The night vibe carries on with “Maxims II” that works in drawn out measures where starts and stops signal the progressions forward. While the ambition of the sparse, but big on concept and sound when and where need be borders on indulgent pretension; but you are still awarded next with the breathtaking and effective acoustic piano presence and stark minimalism of, “He’s Running Through My Eyes”. Julia takes her musical leanings from both town and country to the darkened corridors and empty boulevards of “This Is a True Heart”, where the choral synth ambience meets jazz trio touches, complete with sounds from the sidewalks and streets. “City Appearing” reinforces all the former motifs of Julia’s visions of real (or maybe imagined, like in the opening line of “maybe trouble, maybe fantasy”) and make-believe urban settings, hats, personification and horns. As a closing number that ties up the various places and sounds visited on the album, the focus here feels half-awake and half-baked as these clusters of revisitations appear and occur by a happenstance nature.

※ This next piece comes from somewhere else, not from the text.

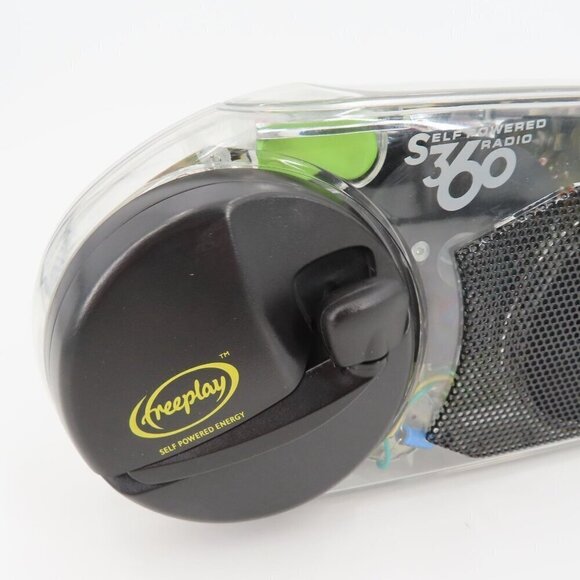 Freeplay Self Powered Crank Radio 360 Clear Plastic AM FM Tested WORKS See Video - Picture 3 of 12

Here on her third album, Julia Holter takes her CalArts learning from Tragedy, and Ekstasis for the condensed economy of Loud City Song. The achievement here is the new economy of sound Julia works within, where sometimes the plot feels lost in the song cycle elaborations of “Maxims I & II”, but ultimately as a complete work tightens a musical grip between the modernist schools that explore the eclectic span of societal norms with the adaptive comparative lens of smart, choral, post-modern jazz tales.